I have my own little battle with duck stamps. I have been buying and collecting state and federal waterfowl hunting stamps since the early 1960s and, so far, have all of the stamps issued since then in Maine and elsewhere. The problem now is that I buy my licenses online and the ones that include waterfowl hunting privileges simply state it on the license - no stamp is included. Well, a license with the words “waterfowl hunting included” is worthless to a collector. It's the stamp, dummy! So, I have to make the extra trip to the post office or town clerk's office to buy the stamp, which somehow slips my mind till the very end of the year. In fact, I have to buy TWO federal duck stamps because to hunt with the stamp you must sign it, reducing its value as a collectible. I suppose if I were someone famous like, oh, president or governor whoever, the value of the signed duck stamp would be infinitely higher, but being plain old Steve doesn't get it. The second, clean stamp goes in my collection of “good” stamps, and the signed version goes in my personal collection, pretty much valuable only to me as proof that I bought a stamp, hunted ducks and contributed to the cause of waterfowl management.
For some reason I don't see bear permits, archery or blackpowder hunting stamps to be quite as valuable (plain and often nothing more than a number, I doubt that the collectible world will give much for them down the road, either). Many states offer trout stamps, pheasant stamps, saltwater stamps and the like and these may have some value someday, but it's the artwork involved that makes them collectible. Today's penchant for “point of sale” licensing has turned the stamp collectible market upside down. One exception to this might be a first-issue Maine Supersport license, which was something of an artsy design and memorable for being the first such license of its type. I have one, and maybe 100 years from now it will be worth a dollar or two more than I paid for it!

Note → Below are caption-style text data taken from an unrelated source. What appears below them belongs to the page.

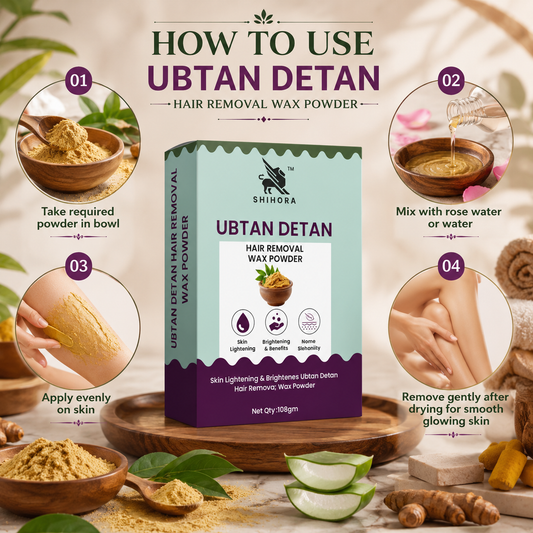 Natural Hair Removal Wax Powder pack of 2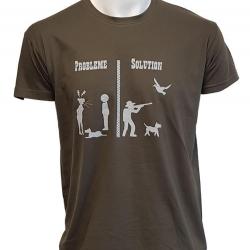 TEE SHIRT PROBLEME SOLUTION KAKI BARTAVEL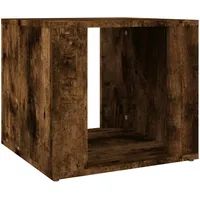 VidaXL Nachttisch Räuchereiche 41x40x36 cm Holzwerkstoff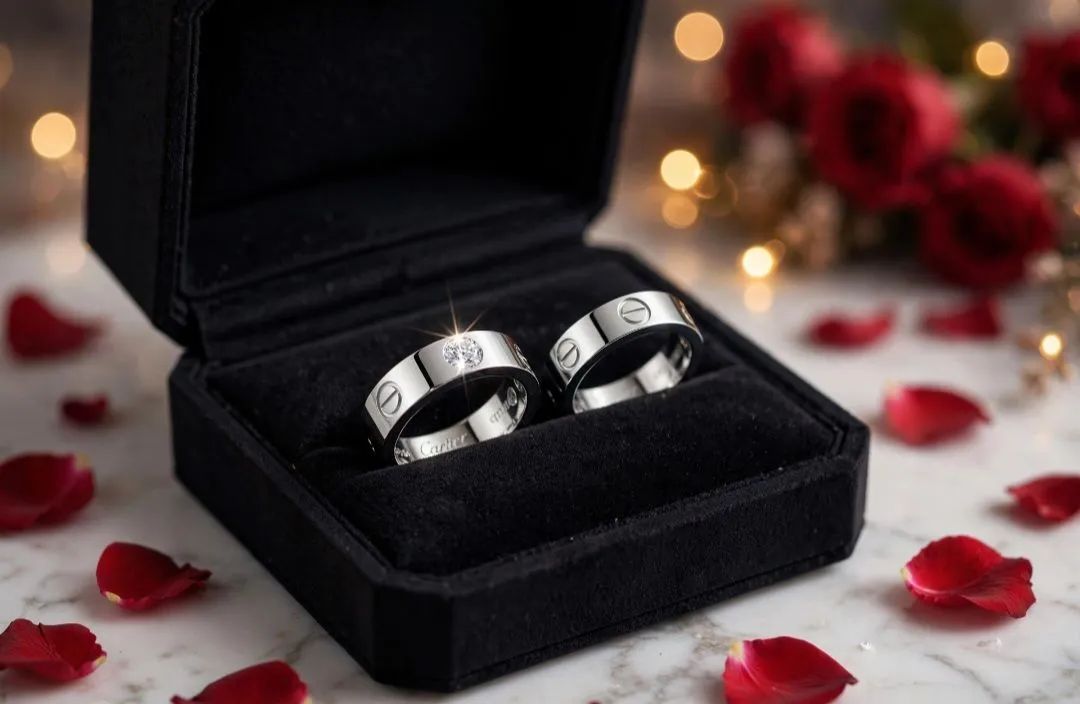 Par de alianças love cartier prata - Foto 2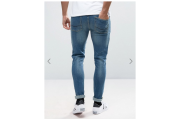 ASOS Super Skinny Jeans In Mid Wash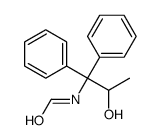 N-(2-hydroxy-1,1-diphenylpropyl)formamide结构式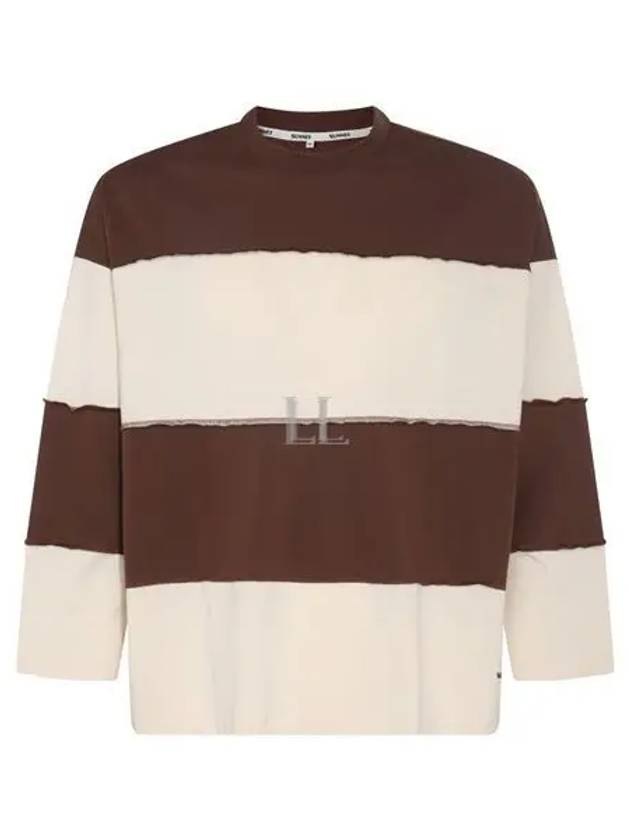 Over Long Sleeve T-Shirt Brown Beige - SUNNEI - BALAAN 2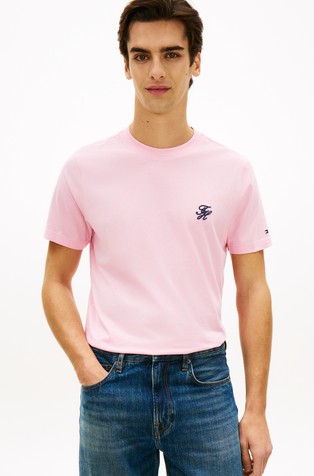Logo Embroidery Jersey T-Shirt
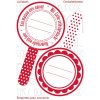 Herma HOME Stickers  kitchen labels for lid new look red, self-adhesive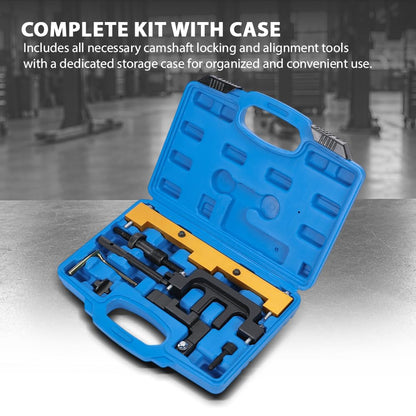 G-PLUS Camshaft Timing Tool Kit Compatible with BMW 318I 320I 316I E87 E46 E60 E90 E85 N42 N46 N46T 45 Steel Black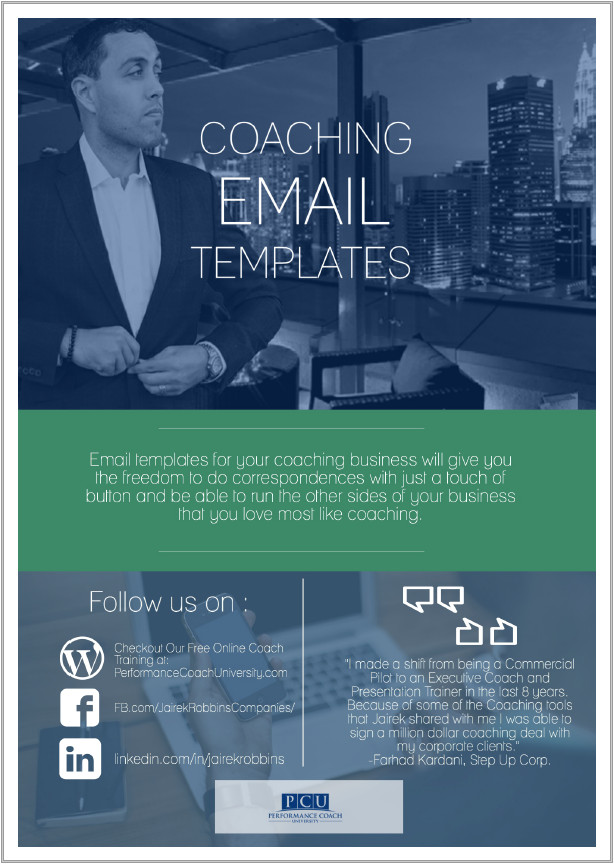 intro email templates for coaches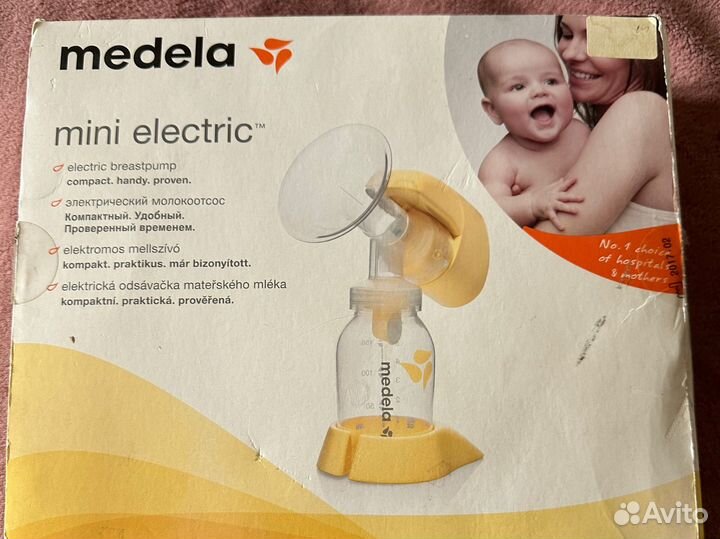 Молокоотсос электрический medela mini electric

If you can't find anything to collect, have purchased all your permits and licenses for the year, have your ice shack safely back behind the barn and are all ready for the open water fishing season, consider getting out for a few hours to see what's new in the woods around us. I received a call from an avid (rabid?) reader recently to report a sighting of an American woodcock on a patch of open ground. Woodcock in Maine in February? Hmmm . . . if so, we can probably attribute the phenomenon to a milder winter than normal, an early migration and a variety of weather-related things.
This reader, however, thinks it proves once and for all that woodcock winter in Maine, which sounds just a tad over the top considering that woodcock eat earthworms almost exclusively and they'd be hard pressed to poke that long, flexible beak into frost-hardened soil at minus 10 degrees! Small land snails are eaten too, especially in early March and April when the birds hang around open seeps waiting for balmier weather to arrive, few woodcock burrow under the snow to find such treats, and the 10 percent of a woodcock's diet in the “other” category consists of insects, a few seeds and a tender fern or two. Not much of this can be found in winter in Maine, so my guess is that the bird showed up early and may have embarrassed itself by doing so! Woodcock act that way, anyway - jump one in an alder thicket and it will fly up and away for a short distance, as if apologizing for getting into your path. It's not that the woodcock is lazy or slow (they fly across Chesapeake Bay and other large waterways on their way south each fall and back in spring). He just doesn't need the hassle!
Anyway, slip on your high rubber boots and go out there in search of the new, the remarkable and the unexplainable. Or, I suppose you could spend this wild and woolly march reorganizing the basement instead!